What we have to do is corss-fade A and B, then render those to a movie.. start a noew Video Post project, and bring in our rendered A-B as one movie. Then we can cross-dissolve that to part C. Anyone know how to do this?
Overlaps indicate our cross-dissolve.

-----A
-------B
-------C

BuddyB309
31-01-2009, 16:43
make another B so you can crossfade the B and C. It should be a seamless transition between Bs



-------a
-----b
-----b
-------c

Problem solved.

*Flies off* WOOSH!! "SPOON!!"

AustinDpOwers89
31-01-2009, 16:50
make another B so you can crossfade the B and C. It should be a seamless transition between Bs



-------a
-----b
-----b
-------c

Problem solved.

*Flies off* WOOSH!!

lol, yeah... exactly... split the B in half and u should be good, unless of course your B clip is so small that it won't let you crossfade into the 1/2 length of it. idk if that program allows you to shorten the video length of your cross fade but yeah you could do that as well. if the intial problem was that your B clip is too short and it won't let you start a second cross fade because your first one isn't done yet, then yeah either you shorten the length of the crossfades or you lengthen your clip.

Mazin
01-02-2009, 21:26
Make three planes in an orthogonal view so that they perfectly fit the render dimensions. Put your videos on them as textures, then animate their transparency. :p

rastermon
03-02-2009, 14:02
Make three planes in an orthogonal view so that they perfectly fit the render dimensions. Put your videos on them as textures, then animate their transparency. :p

How about this: Render each frame - print dye sublimation prints, scan each print at 300 dpi, downsample to video res. Then map those images to an orthoginal rectangle and render with motion blur, depth of field and GI turned on. :P
Thanks for the suggestions, but it still seems like a crazy work-around.

Mazin
03-02-2009, 23:22
How about this: Render each frame - print dye sublimation prints, scan each print at 300 dpi, downsample to video res.
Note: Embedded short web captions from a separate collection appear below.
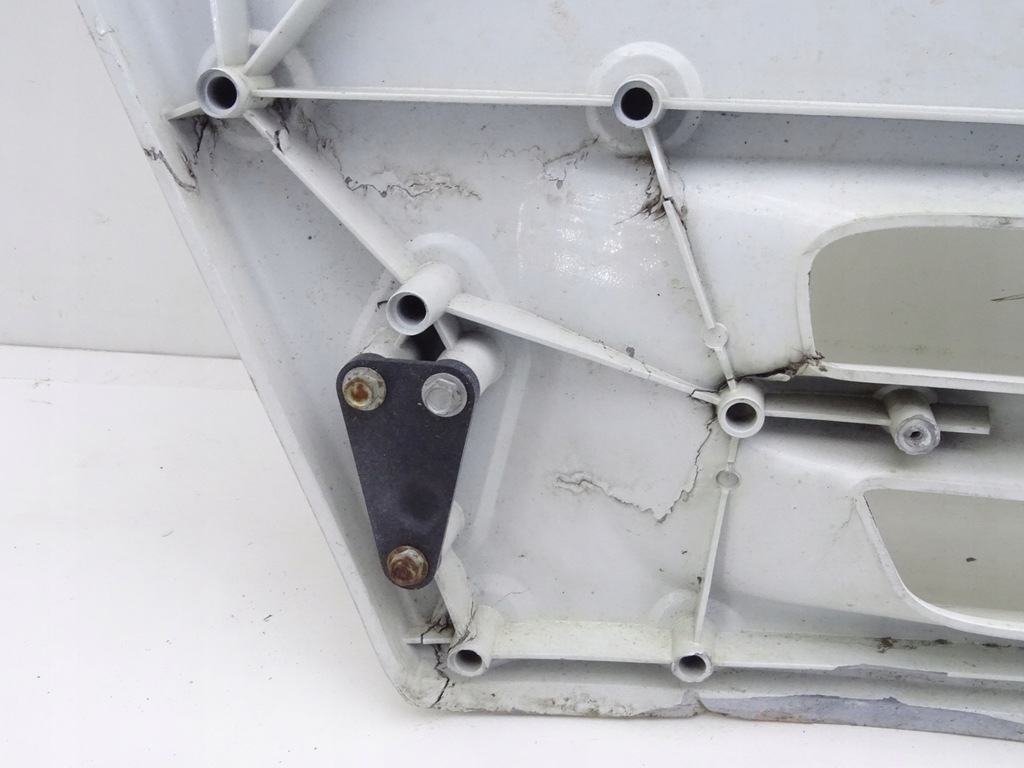 фото №7, Iveco eurocargo ii 02-08 капот решётка радиатора 504032781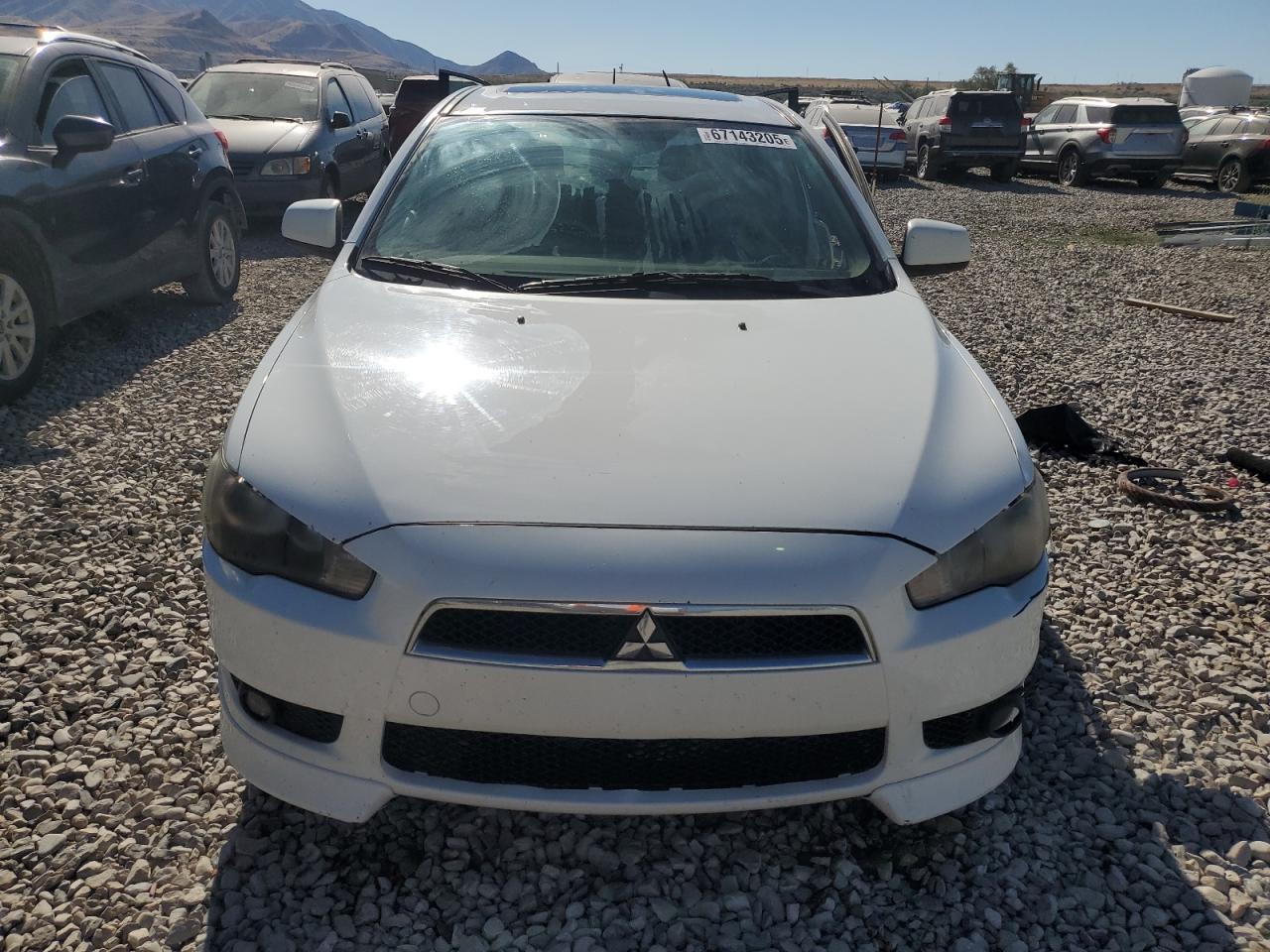 Mitsubishi Lancer Es/es Sport Image 2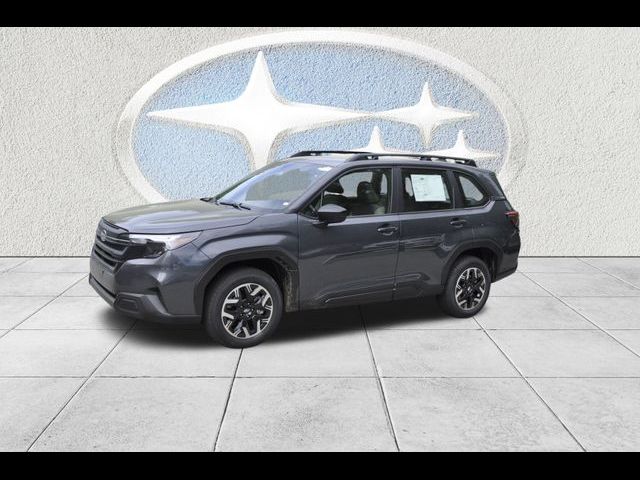 2025 Subaru Forester Base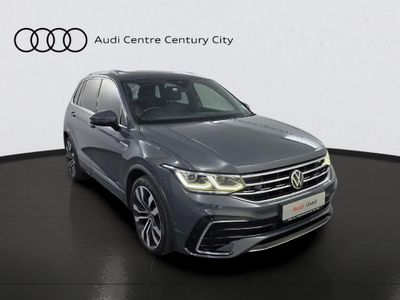 2021 Volkswagen Tiguan 2.0 TSI R-Line 4Motion DSG Auto (162kW)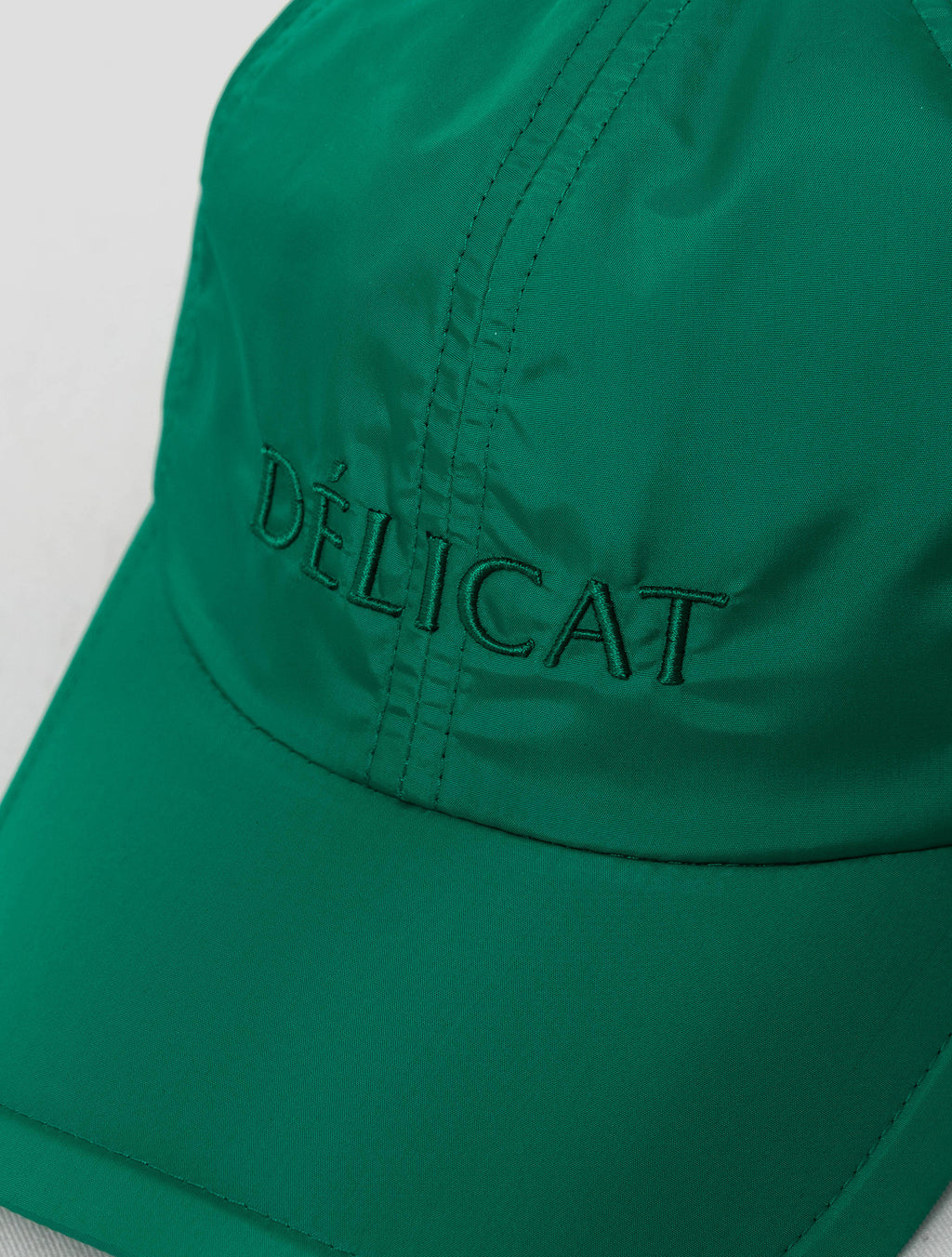 deepriver MESH CAP × JUN INAGAWA【GREEN】-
Then map those images to an orthoginal rectangle and render with motion blur, depth of field and GI turned on. :P
Thanks for the suggestions, but it still seems like a crazy work-around.

You can do all kinds of cool stuff! Every cheesy 3D transition you could ever want is at your fingertips. Add the explode modifier to a video clip! Use the melt modifier as a transition! Turn a clip into cloth and run stuff into it! The possibilities are endless!

(Don't actually do any of that please. Unless it's your credits. I'll make exception for credits. :p )

BuddyB309
03-02-2009, 23:37
You can do all kinds of cool stuff! Every cheesy 3D transition you could ever want is at your fingertips. Add the explode modifier to a video clip! Use the melt modifier as a transition! Turn a clip into cloth and run stuff into it! The possibilities are endless!

(Don't actually do any of that please. Unless it's your credits. I'll make exception for credits. :p )

I'll ad even more!! you can write a script so particles appear where values of red blue and green appear and construct your video that way!! :ahh: Whoa!! it just hit the fan! I'm seeing around corners!